Next, in step S12, a conductive layer (e.g., a nano silver layer, a nano gold layer, a nano copper layer, or a nano nickel layer) containing at least metal nanowires is coated on the first region of the substrate 110. In some embodiments, a dispersion or slurry with metal nanowires may be formed on the substrate 110 by coating, and cured/dried to attach the metal nanowires to the surface of the substrate 110, thereby forming a conductive layer disposed on the first region of the substrate 110. After the curing/drying step, substances such as a solvent in the dispersion or the slurry may be volatilized, and the metal nanowires may be randomly distributed on the surface of the substrate 110; alternatively, the metal nanowires may be fixed on the surface of the substrate 110 without falling off, so as to form a conductive layer, and the metal nanowires in the conductive layer may contact each other to provide a continuous current path, thereby forming a conductive network. In other words, the metal nanowires contact each other at crossing positions to form paths for transferring electrons.

In some embodiments, the dispersion or slurry includes a solvent, thereby uniformly dispersing the metal nanowires therein. Specifically, the solvent is, for example, water, alcohols, ketones, ethers, hydrocarbons, aromatic solvents (benzene, toluene, xylene, or the like), or a combination thereof. In some embodiments, the dispersion may further include an additive, a surfactant and/or a binder, thereby improving compatibility between the metal nanowires and a solvent and stability of the metal nanowires in the solvent.
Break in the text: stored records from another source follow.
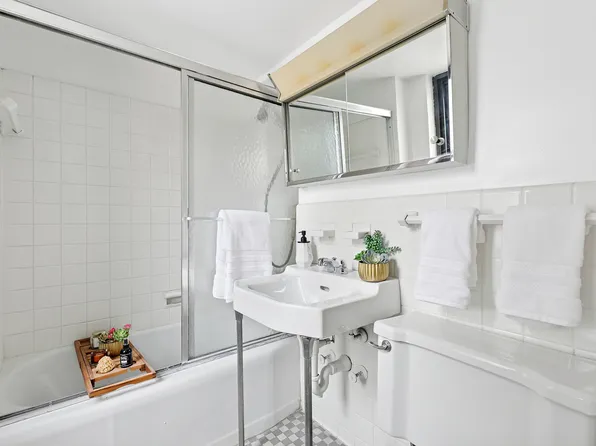 305 East 72nd Street image 5 of 8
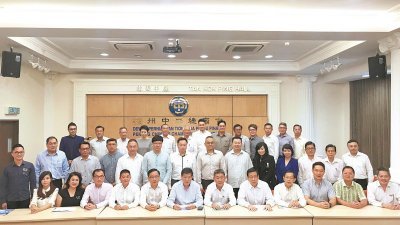 庄厥成（前排左4起）、骆荣伟、陈国平、方炎华及祝友成等人于周五上午出席2018槟州中华总商会常年会员大会。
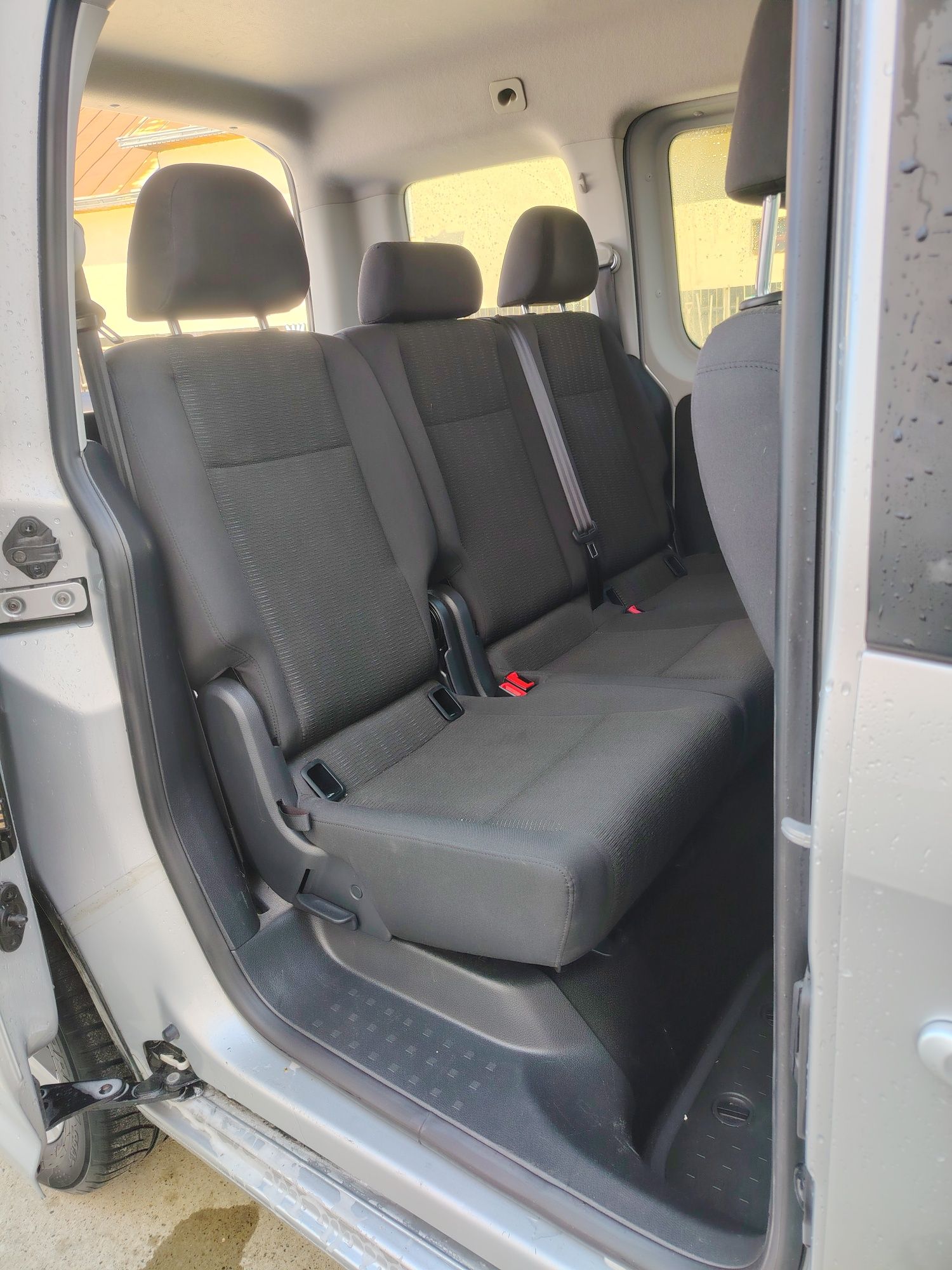 VW caddy 2018 5locur motor 2000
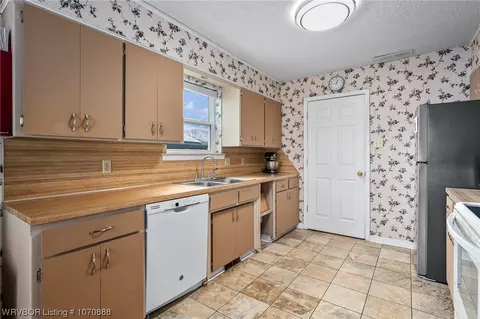 Kitchen - 9111 Timberlyn Way, Fort Smith, AR 72903 photo 3 of 3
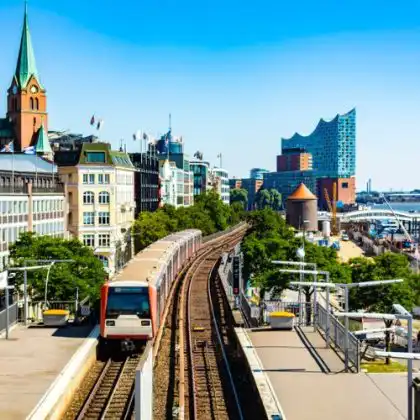 Vista de trilhos de trem e prédios em cidade alemã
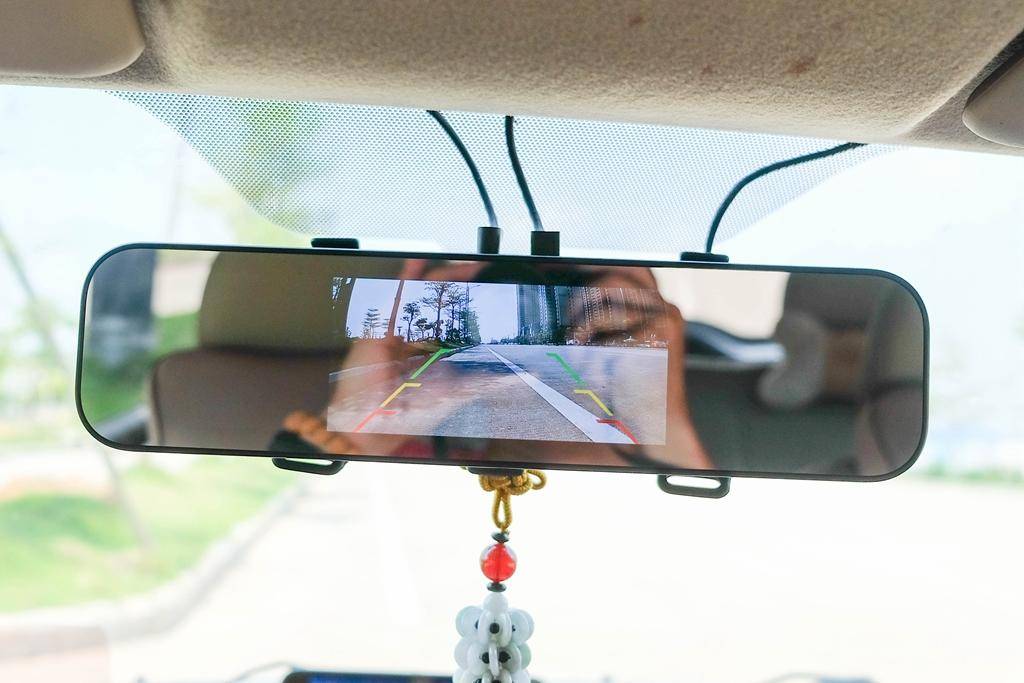 70迈和360哪款后视镜行车记录仪好,70迈智能行车后视镜梦想版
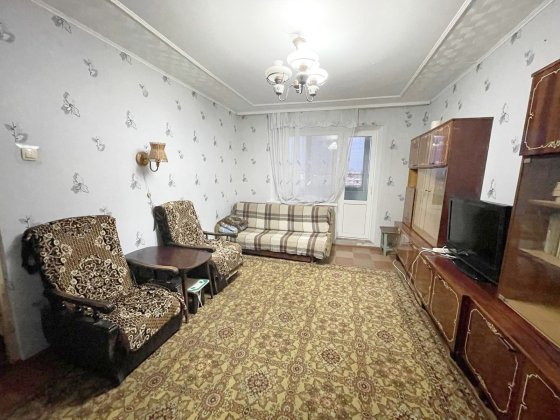 Квартира 2 кімнатна, лівий берег, видова Каменское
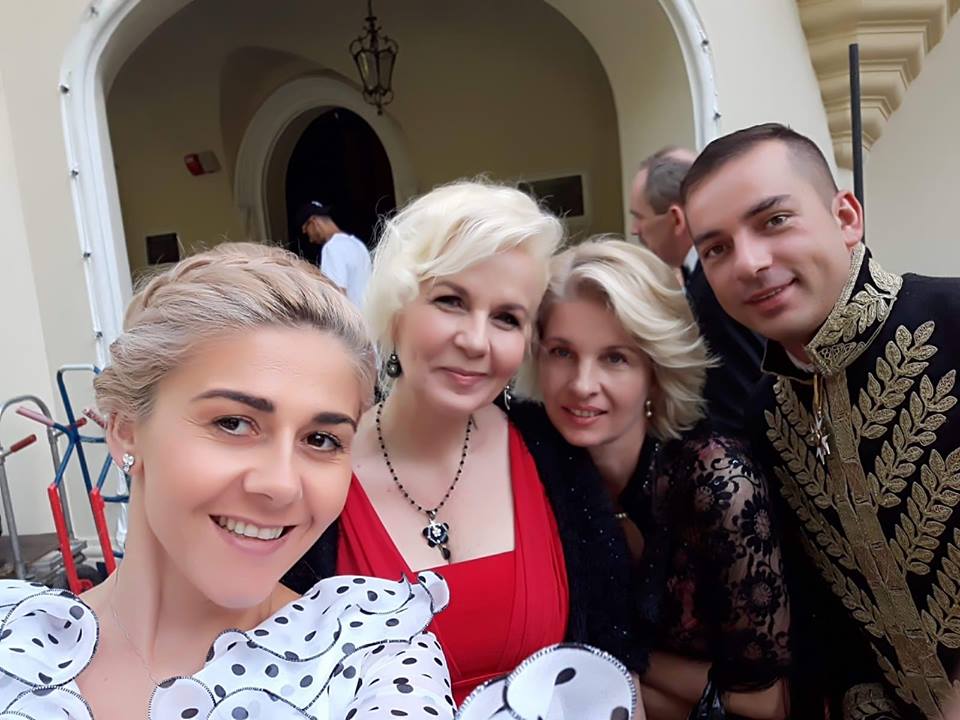 VIDEO/FOTO. Zeci de sătmăreni pe platourile de filmare ale filmului ”The Princess Switch”, un super film de Crăciun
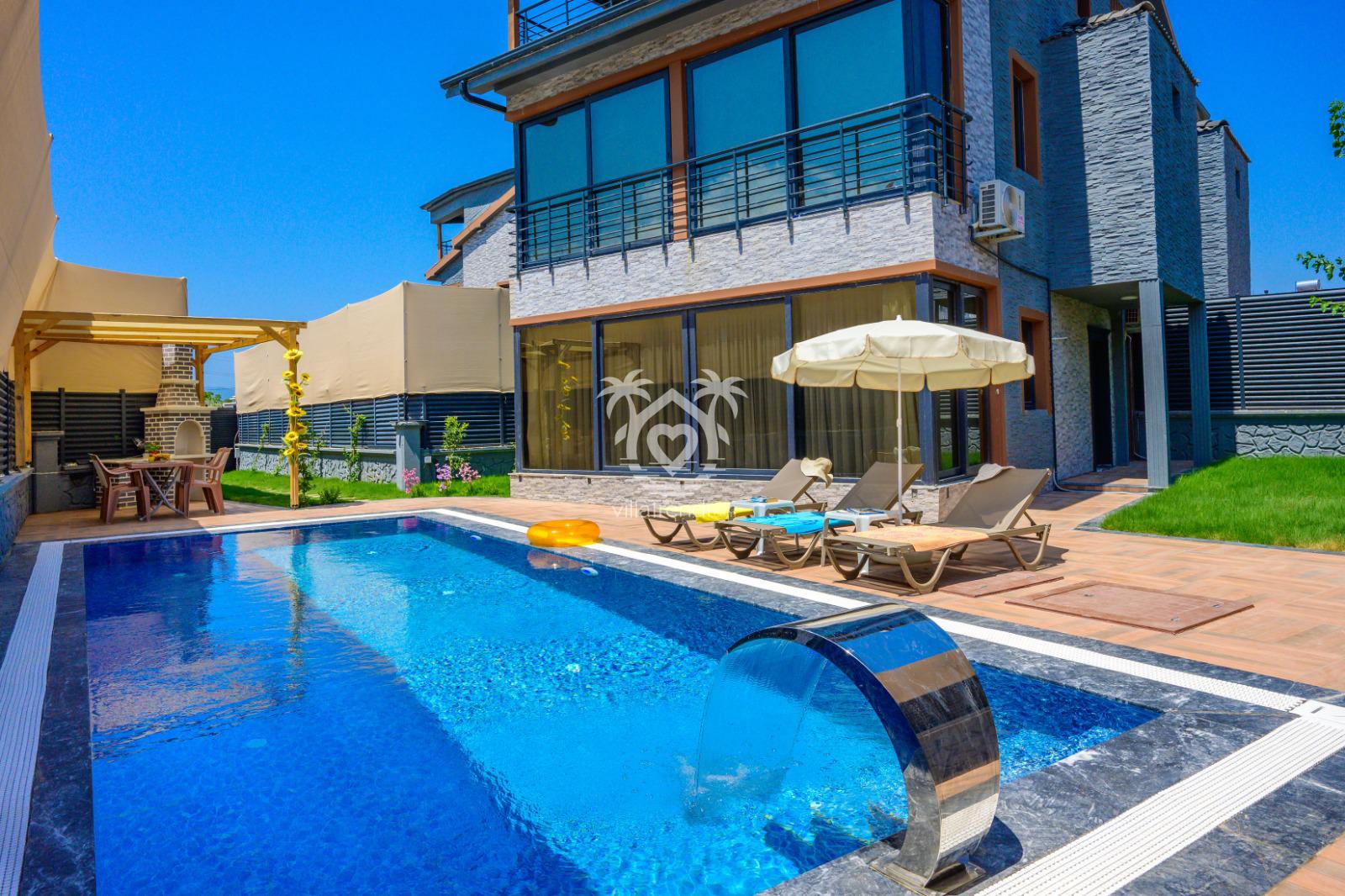 🌳 Villa 5K | Fethiye Çamköy'de 8 Kişilik Bahçeli & Havuzlu Aile Villası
Specifically, the additive, surfactant and/or binder may be, for example, carboxymethylcellulose, hydroxyethylcellulose, hypromellose, sulfosuccinate sulfonate, sulfate, phosphate, fluorosurfactant, disulfonate, or a combination thereof. The dispersion or slurry containing the metal nanowires can be formed on the surface of the substrate 110 by any method, such as but not limited to screen printing, nozzle coating, or roller coating. In some embodiments, a roll-to-roll process may be used to apply the metal nanowire dispersion or slurry onto the surface of the continuously supplied substrate 110.

In some embodiments, the metal nanowires may be further post-processed to improve the contact characteristics (e.g., increase the contact area) of the metal nanowires at the crossing points, thereby improving the conductivity thereof. This post-treatment may include, but is not limited to, heating, plasma, corona discharge, ultraviolet, ozone, or pressure steps. Specifically, after curing/drying to form the conductive layer, a roller may be used to apply pressure thereon. In some embodiments, one or more rollers may be used to apply pressure to the conductive layer. In some embodiments, the applied pressure may be between 50psi and 3400psi, preferably between 100psi and 1000psi, 200psi and 800psi, or 300psi and 500 psi. In some embodiments, the metal nanowires can be subjected to post-treatment of the heating and pressurizing steps simultaneously. For example, a pressure of 10psi to 500psi (or preferably 40psi to 100 psi) can be applied through the roller while heating the roller to 70 ℃ to 200 ℃ (or preferably 100 ℃ to 175 ℃) to improve the conductivity of the metal nanowires. In some embodiments, the metal nanowires may also be exposed to a reducing agent for post-treatment, e.g., metal nanowires consisting of nano-silver wires may preferably be exposed to a silver reducing agent for post-treatment. In some embodiments, the silver reducing agent may include a borohydride, such as sodium borohydride, a boron nitrogen compound, such as dimethylaminoborane, or a gaseous reducing agent, such as hydrogen gas. In some embodiments, the exposure time may be between 10 seconds and 30 minutes, preferably between 1 minute and 10 minutes.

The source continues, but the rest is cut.